▸ Exercise brief: Please transcribe exactly the lines from the line holding "5008 Panorama Drive" through the end of the data below, and skip any pictures.
BEGIN Supplied material
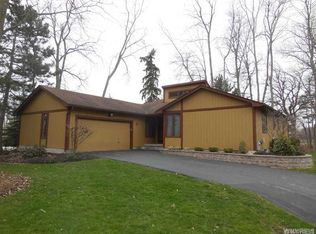 72 Little Robin Rd, Buffalo, NY 14228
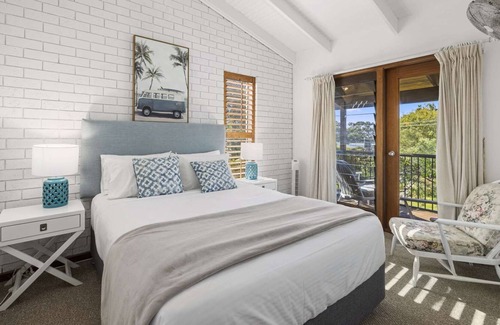 Korora House | Resort Style Pool, Walk to Beach, Pool House, Pet-Friendly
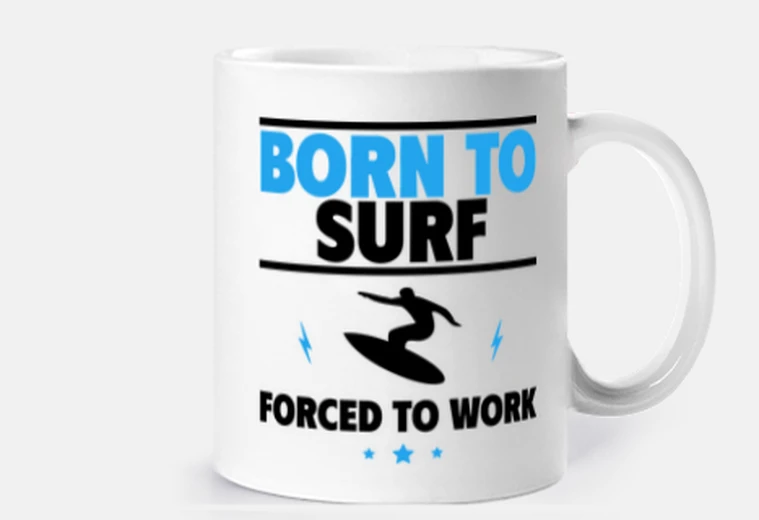 Taza nacido para surfear obligado a trabajar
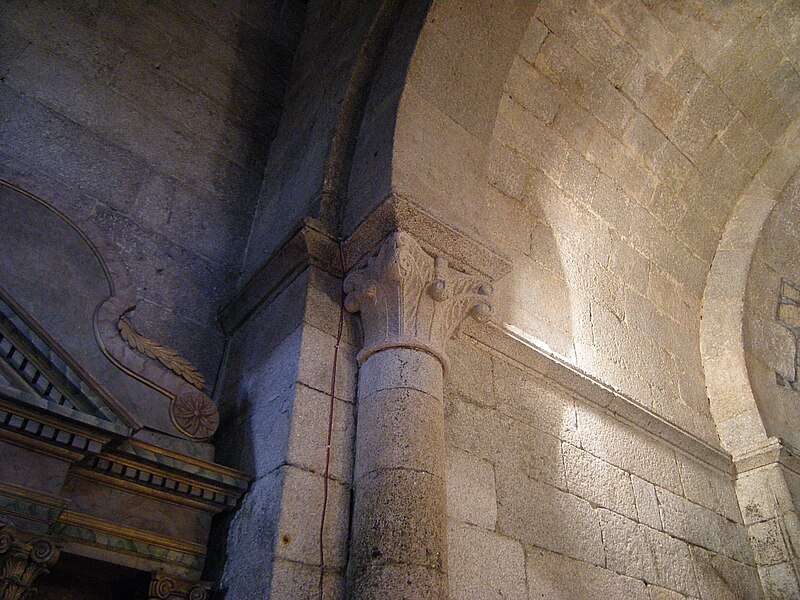 File:Capitel igrexa de Santa Mariña de Pescoso, Rodeiro.jpg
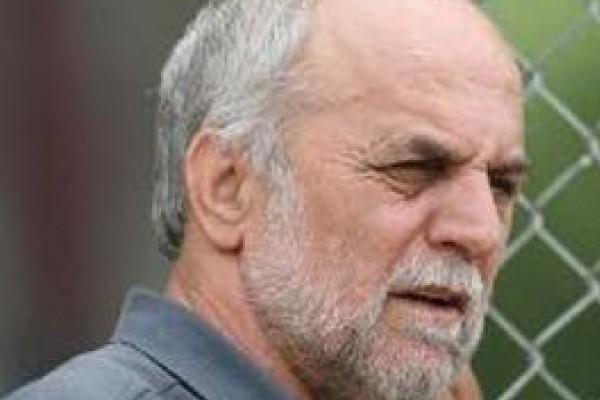  خوردبین: بهتر بود بازی در آزادی برگزار می شد 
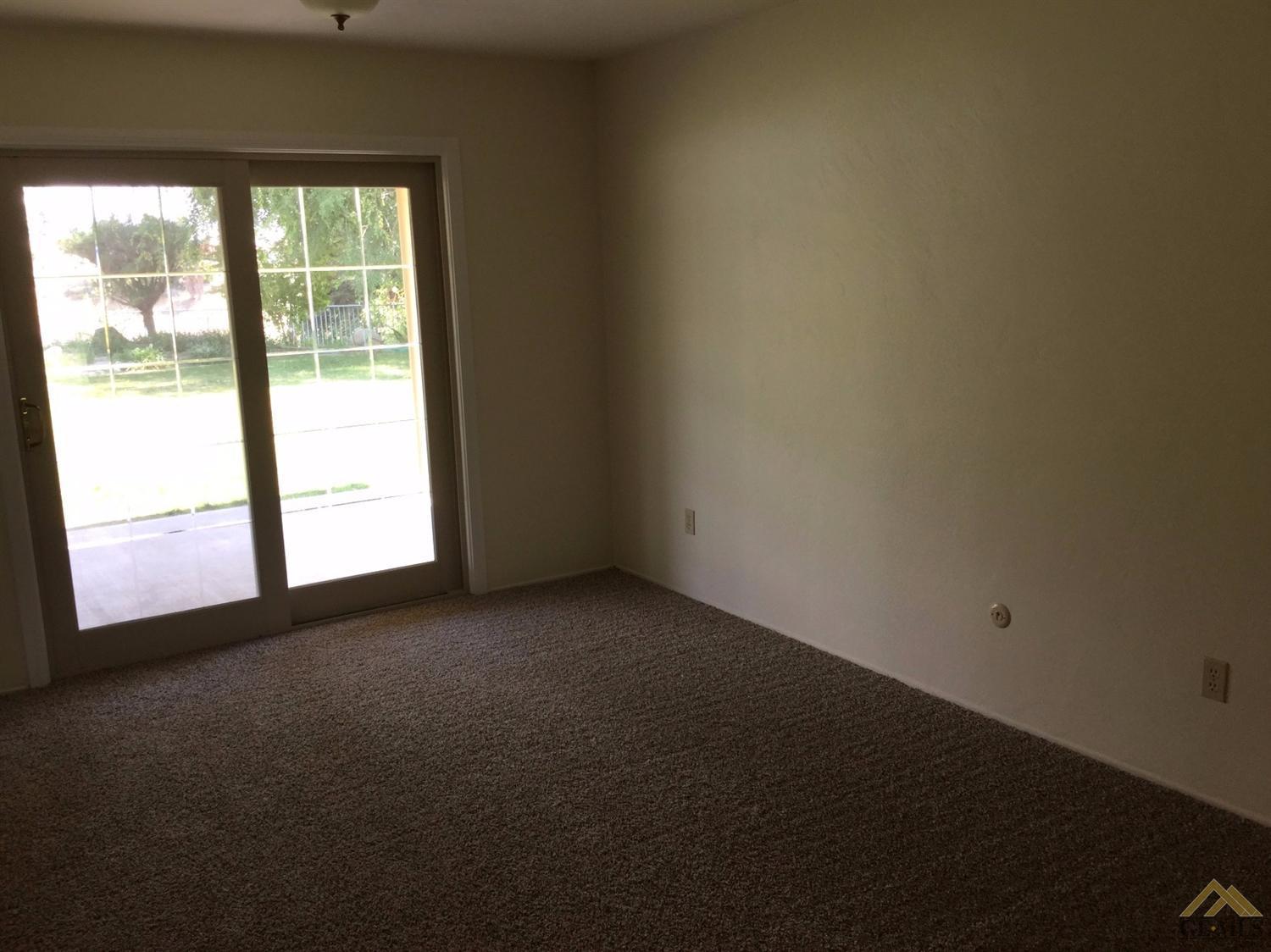 5008 Panorama Drive Bakersfield, CA 93306 - Photo 26 of 40 Guest bedroom has its own full bath and is on a separate side of the house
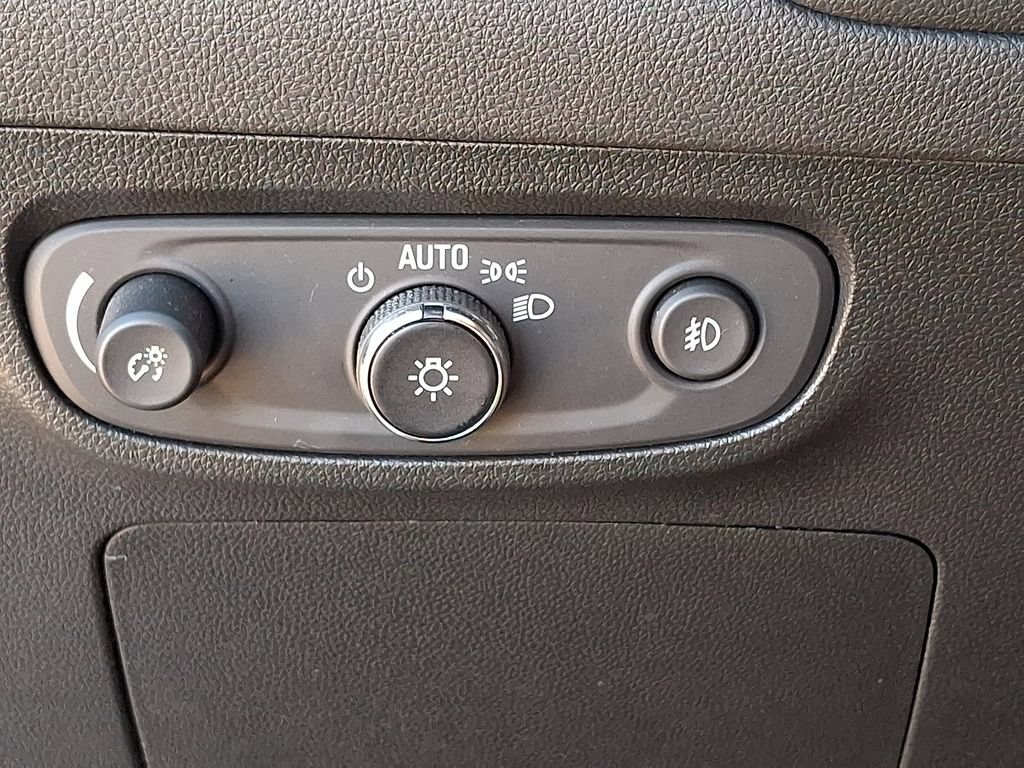 Used 2023 Buick Encore GX Preferred w/ Cold Weather Comfort Package AWD/4WD image 24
END Supplied material
▸ Answer space:
 5008 Panorama Drive Bakersfield, CA 93306 - Photo 26 of 40 Guest bedroom has its own full bath and is on a separate side of the house
 Used 2023 Buick Encore GX Preferred w/ Cold Weather Comfort Package AWD/4WD image 24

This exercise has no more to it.